Today, Van Etten has more than just one fan awaiting her third album, "Tramp," due Feb. 7 on Jagjaguwar. In fact, since releasing "Because I Was in Love" in 2009 and "Epic" in 2010, her fan base has kept swelling, as names like Bon Iver's Justin Vernon, TV on the Radio's Kyp Malone and the National's Aaron Dessner (who produced "Tramp") join the fold.
While her lyrics are as heartbreaking as ever (Good luck holding it together when she cries, "Who is my man? The memory or you?" on "All I Can"), her music has never sounded as fierce. Recorded mostly in Dessner's Brooklyn garage studio, "Tramp" is more worthy of its predecessor's title-tense, full-band tracks loud enough to qualify as rock instead of folk, all densely layered with waves of harmony.
Track Above: Single "Serpents"
Language of Stone released "Because I Was in Love" while Van Etten was handling PR at indie label Ba Da Bing (which later released "Epic"). After road-testing songs that ended up on her sophomore set, she heard Dessner and Vernon covering her "Love More" together. Intrigued, she emailed Dessner about collaborating.
He was interested, but the timing was off since he was working on the National's "High Violet." The two kept in touch, and when Van Etten was ready to record "Tramp," she took Dessner up on his offer. "I played him some demos, and he was laughing," Van Etten says. "He said, 'The demos are done. We might as well just record your whole album.' I thought, 'You've got to be kidding me.'"

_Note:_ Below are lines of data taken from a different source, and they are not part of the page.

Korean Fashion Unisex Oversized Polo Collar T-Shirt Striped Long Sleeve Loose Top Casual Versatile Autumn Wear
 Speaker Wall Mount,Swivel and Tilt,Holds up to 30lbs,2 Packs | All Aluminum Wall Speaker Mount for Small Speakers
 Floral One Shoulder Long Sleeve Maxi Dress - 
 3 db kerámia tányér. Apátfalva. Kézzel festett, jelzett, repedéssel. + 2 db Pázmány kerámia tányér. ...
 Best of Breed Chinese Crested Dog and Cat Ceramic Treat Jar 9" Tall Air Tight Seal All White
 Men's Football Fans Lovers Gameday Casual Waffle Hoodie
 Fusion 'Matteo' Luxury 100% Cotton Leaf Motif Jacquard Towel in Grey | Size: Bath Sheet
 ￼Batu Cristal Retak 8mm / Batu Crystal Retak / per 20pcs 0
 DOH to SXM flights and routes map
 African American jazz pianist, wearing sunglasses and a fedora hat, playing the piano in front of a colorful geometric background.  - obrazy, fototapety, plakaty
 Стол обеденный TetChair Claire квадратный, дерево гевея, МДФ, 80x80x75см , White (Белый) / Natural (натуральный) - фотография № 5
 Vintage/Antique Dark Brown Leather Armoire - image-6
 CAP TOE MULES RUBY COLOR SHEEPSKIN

During the following 14 months, between tours, Dessner and Van Etten cut "Tramp." First, the two set a few ground rules. "Aaron and I were very conscious of it not sounding like a National record, and I didn't want it to sound like 'Epic'," she says. "I wanted to try new things. I just didn't know what that would translate to."
No longer working alone, Van Etten didn't stop with Dessner. Beirut's Zach Condon was invited to add vocals; Matt Barrick of the Walkmen, Wye Oak's Jenn Wasner, Julianna Barwick, Doveman's Thomas Bartlett and Dessner's brother and National bandmate Bryce all "did what they had to do" as well, Van Etten says. "It was like a musical playground, instruments laying everywhere, trying out different things."
To Jagjaguwar co-owner Darius Van Arman, "Tramp"'s rough, varied sound may help achieve his goal for Van Etten. "We don't want her in the Joni Mitchell light or the Patti Smith light. She has her own identity," he says. "[Jagjaguwar] works with great songwriters: Justin Vernon, Will Sheff [of Okkervil River], Spencer Krug [of Sunset Rubdown]. She's not just a female singer/songwriter. She's one of them."
Van Etten made her TV debut last month on "Fallon," and "Tramp"'s vicious first single, "Serpents," tore through music blogs in late 2011. But professional pressure seems to slide off Van Etten. She knows she's already pleased those who really count. "My parents are happy that the record sounds more hopeful," she says. "They worry that I'm depressed all the time. But I write these sad songs so that I'm not."